**TASK DETAILS**
Task for the records below: please copy exactly, and only, the lines from the one containing "PrettyLittleThing Tan Ribbed" to the last line, both included, leaving out the pictures.

**EXERCISE MATERIALS**
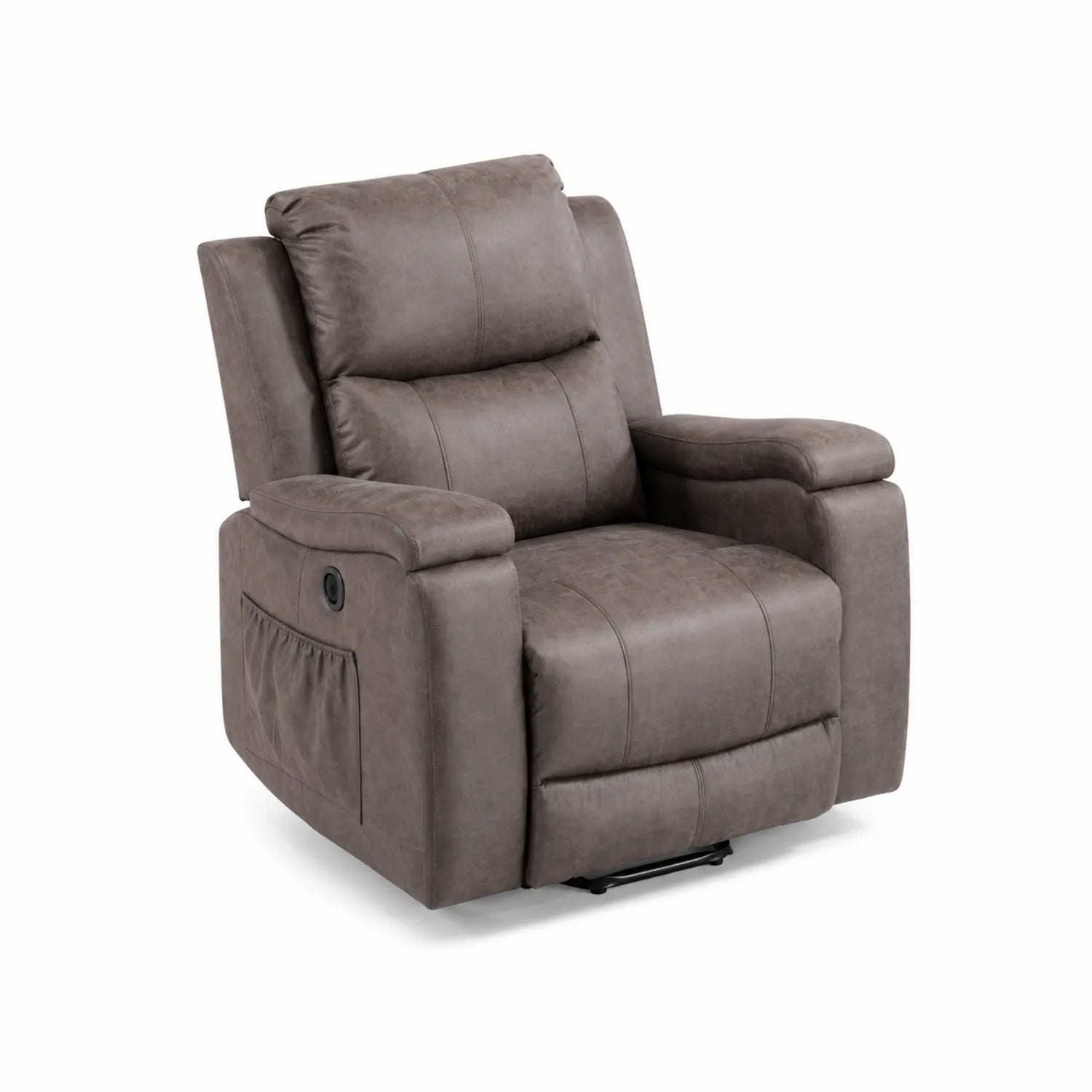 Fauteuil inclinable en microfibre marron
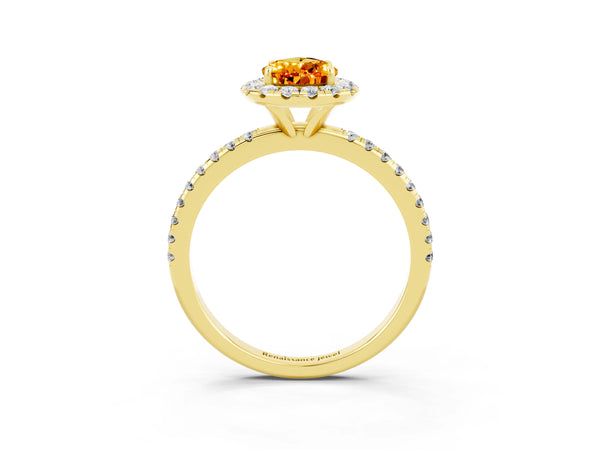 Yellow gold Pear Cut Citrine Halo Ring with Round Pavé Band and Prong Setting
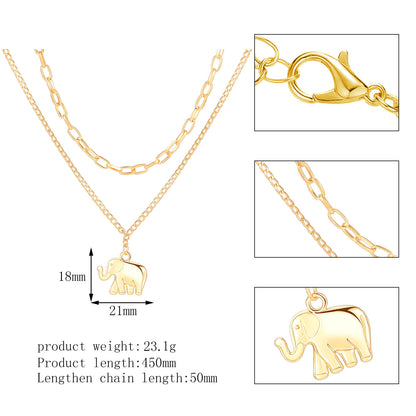 Two-Piece Necklace Elephant Layered Necklace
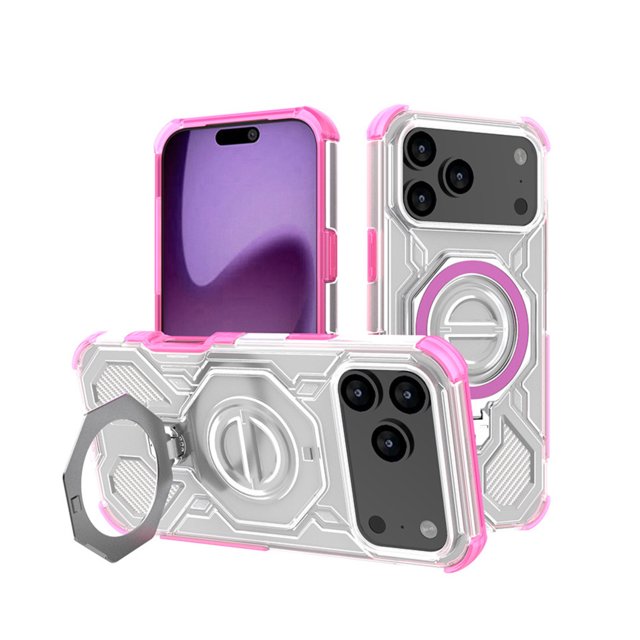 17 Series Phone Case with Magnetic Stand, Air Cushion Anti-Drop Protection, Clear Matte Finish & 360° Rotatable Holder(for 17 Pro/17 Pro Max)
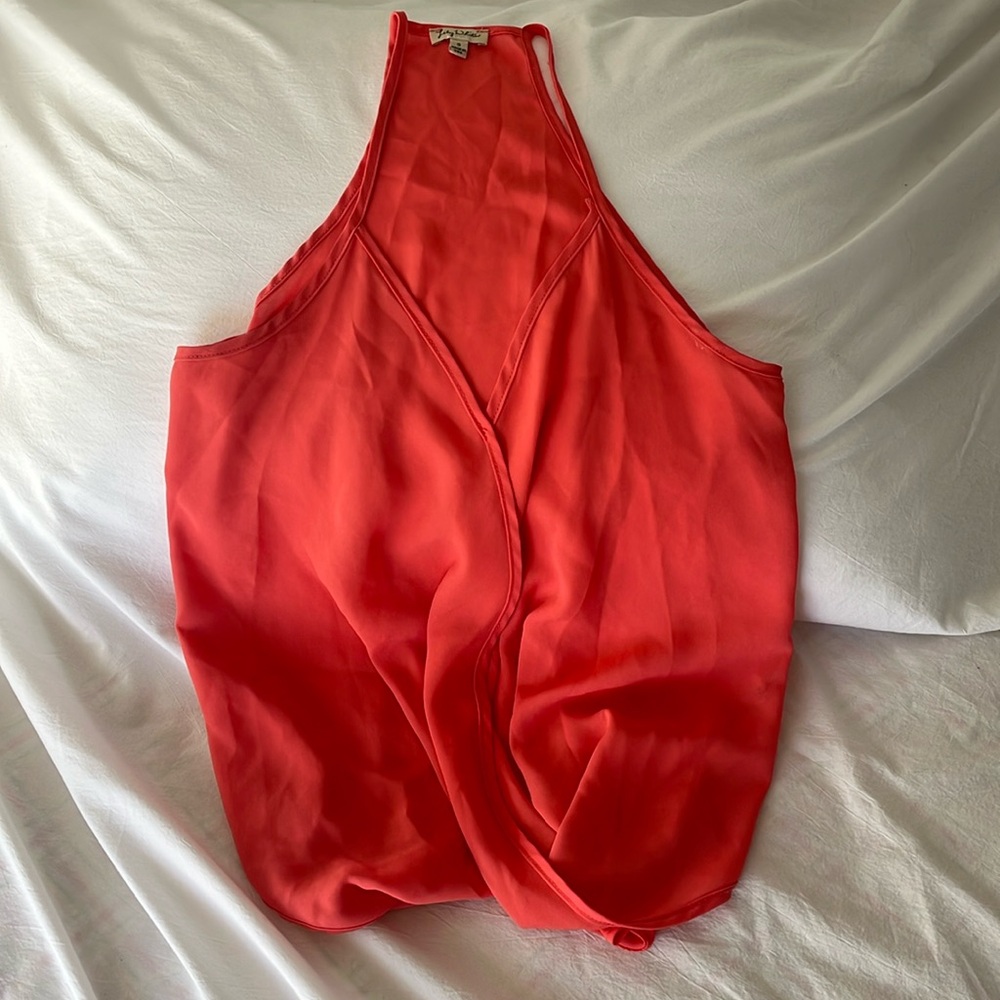 Lily White Sleeveless Blouse Color-Coral Size-SM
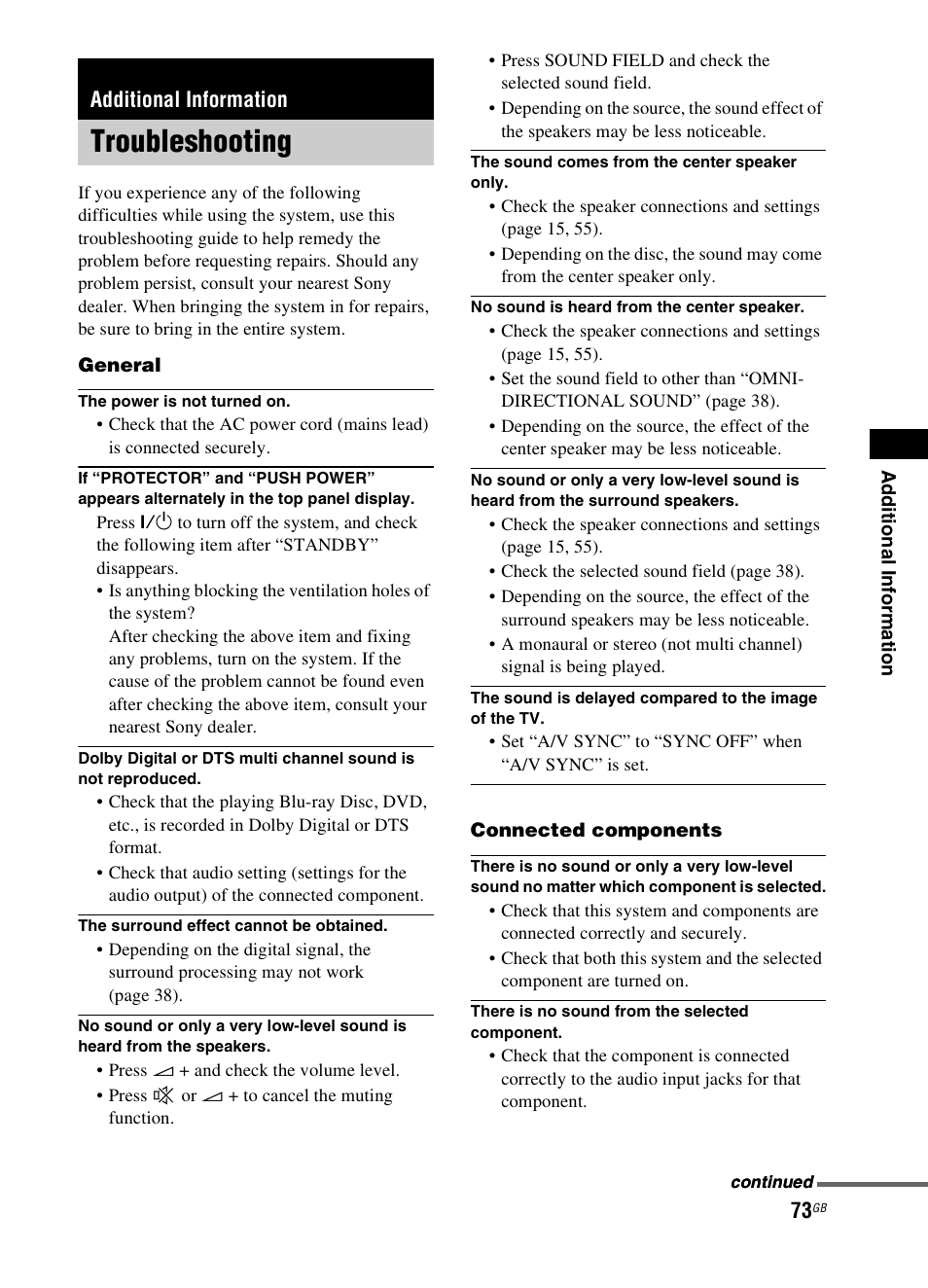 Additional information, Troubleshooting | Sony 3-299-270-21(2) User Manual | Page 73 / 84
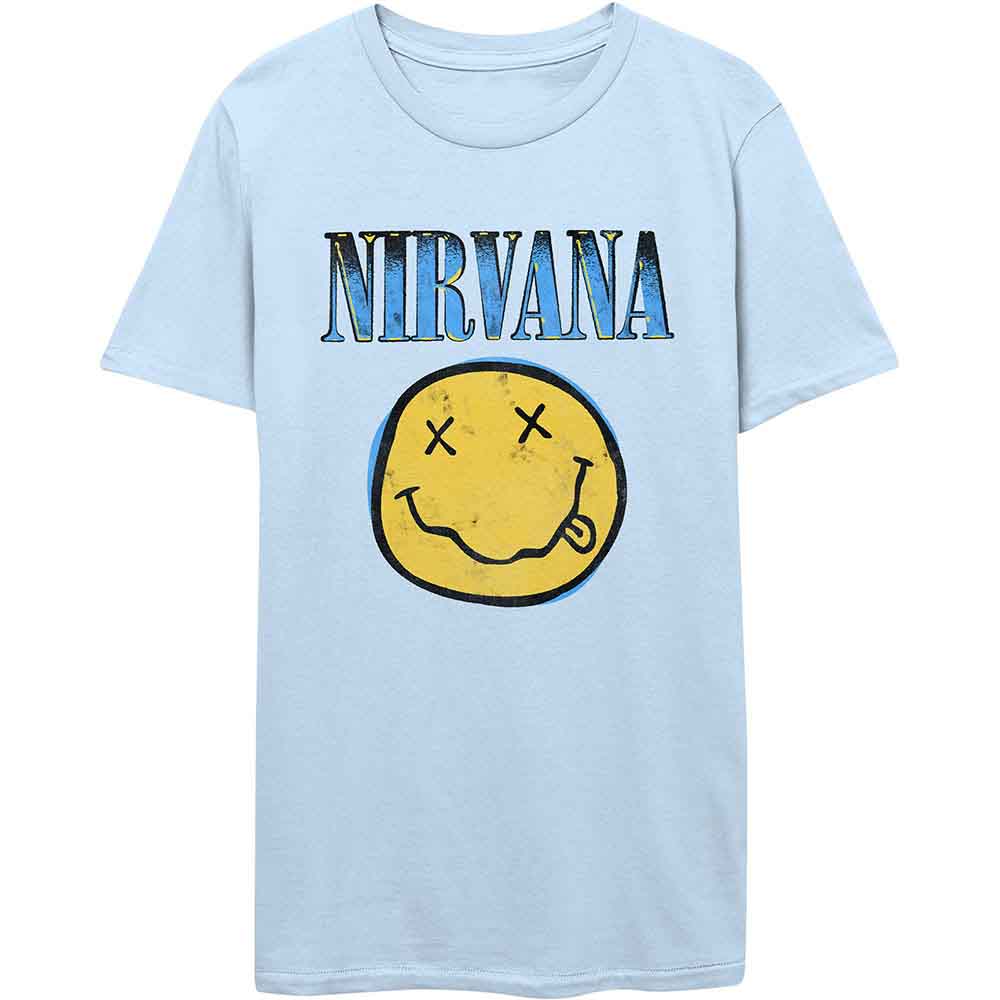 Nirvana Xerox Happy Face Blue Mens T Shirt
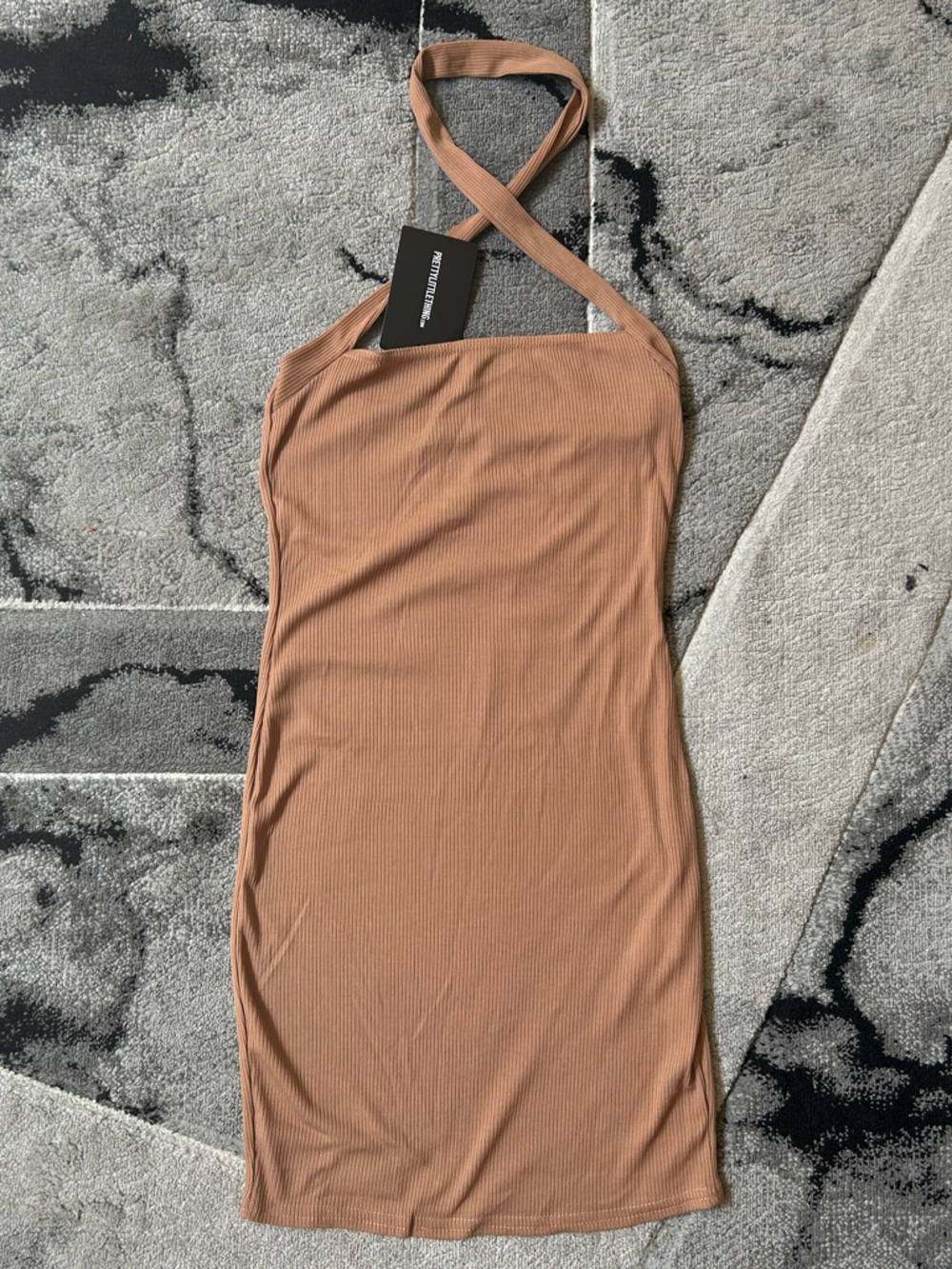 PrettyLittleThing Tan Ribbed Halter Bodycon Dress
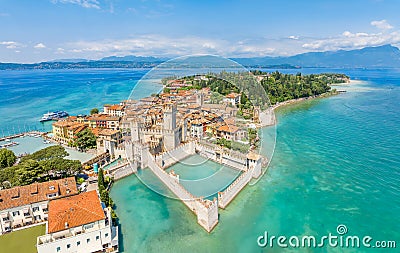 Landscape with Sirmione town, Garda Lake Stock Photo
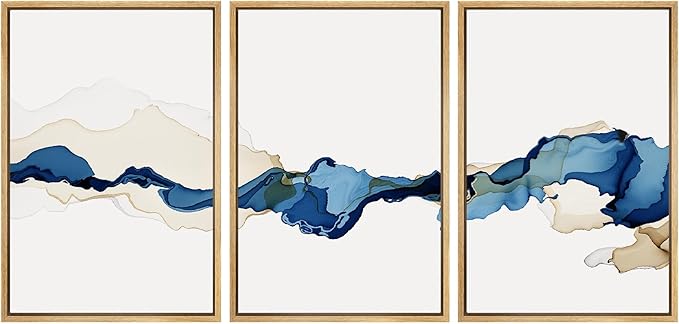 SIGNWIN 3 Piece Framed Canvas Wall Art Blue and Brown Watercolor Nature Wilderness Illustrations Abstract Traditional Relax/Calm Home Artwork Decoration for Living Room,Bedroom - 24"x36"x3 Natural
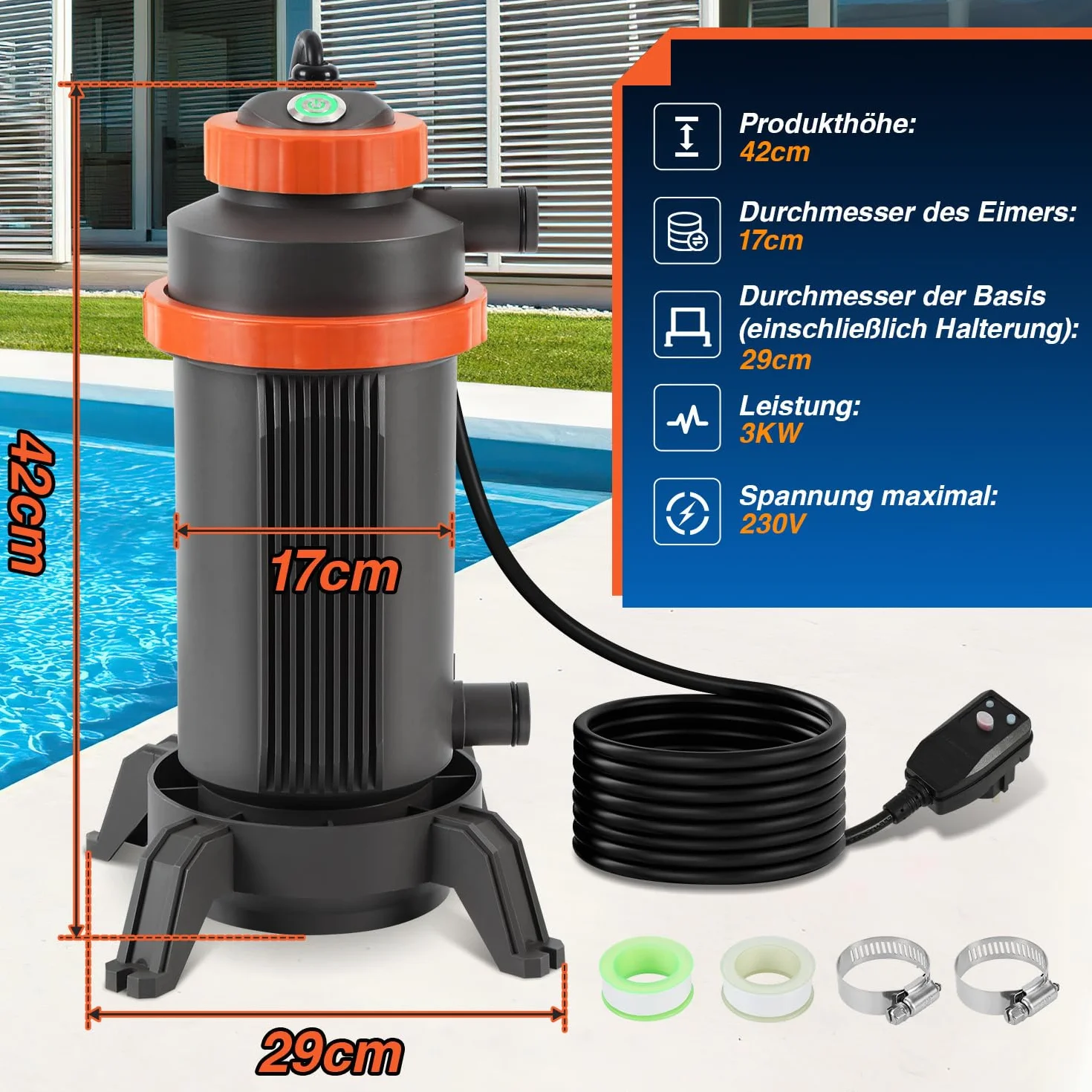 Chauffage électrique de piscine 3 kW affichage numérique protection sécurité 4 positions raccord 32-38 mm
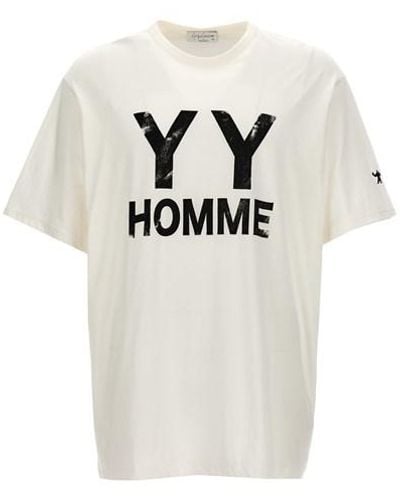 Yohji Yamamoto T-shirt stampa logo - Grigio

**SOLUTION**
 PrettyLittleThing Tan Ribbed Halter Bodycon Dress
 Landscape with Sirmione town, Garda Lake Stock Photo
 SIGNWIN 3 Piece Framed Canvas Wall Art Blue and Brown Watercolor Nature Wilderness Illustrations Abstract Traditional Relax/Calm Home Artwork Decoration for Living Room,Bedroom - 24"x36"x3 Natural
 Chauffage électrique de piscine 3 kW affichage numérique protection sécurité 4 positions raccord 32-38 mm
 Yohji Yamamoto T-shirt stampa logo - Grigio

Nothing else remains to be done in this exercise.